Avis écrit le 02/08/2025
« Un documentaire court mais percutant, qui montre les deux faces d’un Japon en mutation. »
La valeur d’un employé, dans une entreprise dite traditionnelle au Japon, est encore trop souvent mesurée au regard de son endurance au travail. Une endurance qui, poussée à l’extrême, peut mener à de véritables tragédies. Le reportage d’ARTE Japon : les forçats du travail tente, en 23 minutes, de mettre en lumière un phénomène typiquement japonais : le karoshi, la mort par épuisement. Il en expose les rouages à travers des témoignages d’intervenants très pertinents. Même s’il date de 2018, et que les choses ont évolué en 2025, des progrès sont encore à faire.
Au Japon, on parle souvent des black kigyō et des white kigyō, autrement dit, des "mauvaises" et des "bonnes" entreprises. Ayant moi-même travaillé dans une black kigyō, je sais ce que cela signifie que de travailler à la japonaise, et je peux vous assurer que ce n’est pas de tout repos… bien au contraire. En regardant ce reportage, de vieux souvenirs sont remontés à la surface, et mon empathie a pris le dessus face aux témoignages des familles. C’est insoutenable de perdre un être cher simplement parce qu’il a trop travaillé. 100 heures supplémentaires par mois ? Je n’ai pas les mots. Travailler dur est perçu comme un signe de loyauté et d’ambition envers ses supérieurs… mais jusqu’à quel point ?
Cette "normalité", même si je n’aime pas ce mot, est devenue une réalité au Japon.
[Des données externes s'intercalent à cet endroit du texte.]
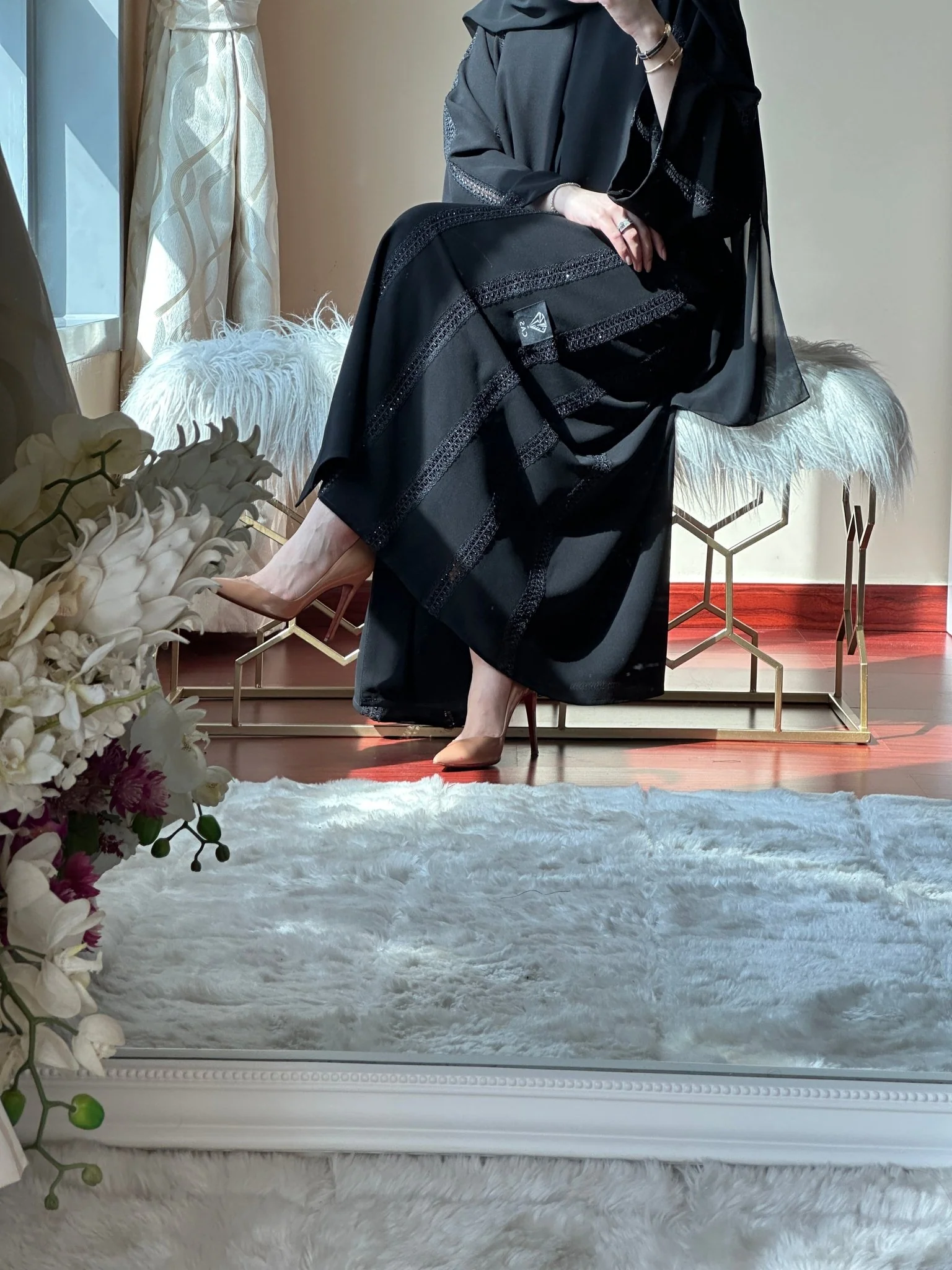 C-Black-Work-Abaya-75 - Image 5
Elle entraîne une pression mentale telle que ceux qui la subissent préfèrent se taire, ou démissionner sans faire de vagues. On ne va pas au conflit. Dans ce pays où l’esprit d’entreprise passe avant l’individu, la performance se mesure encore au nombre d’heures passées au bureau. Et pourtant, tout démontre aujourd’hui que c’est l’équilibre entre vie professionnelle et vie privée qui rend un salarié performant. Mais ce message semble encore mal compris ici.
Cela dit, je ne jette pas la pierre à tout le monde, bien au contraire, et le reportage le montre avec justesse. Il expose aussi les signes d’un changement, et c’est ce que j’ai beaucoup apprécié. On ne montre pas que le négatif. Et de par mon entourage ici au Japon, je peux témoigner que beaucoup sont épanouis dans leur travail, et que leurs entreprises prennent soin d’eux. Comme une pièce de monnaie, il y a deux faces. ARTE a pris soin de les montrer toutes les deux, et de souligner que les choses peuvent évoluer.
Au final, même si je n’ai pas appris grand-chose de nouveau, en tant que passionné du Japon, j’ai trouvé ce reportage très intéressant. Les intervenants sont de qualité : sociologues, représentants de familles de victimes, témoignages personnels… Le tout donne une vue d’ensemble pertinente sur un sujet ancré dans la société japonaise depuis des décennies. Il faudra du temps pour faire bouger les choses, mais un pas après l’autre, la lumière devient possible.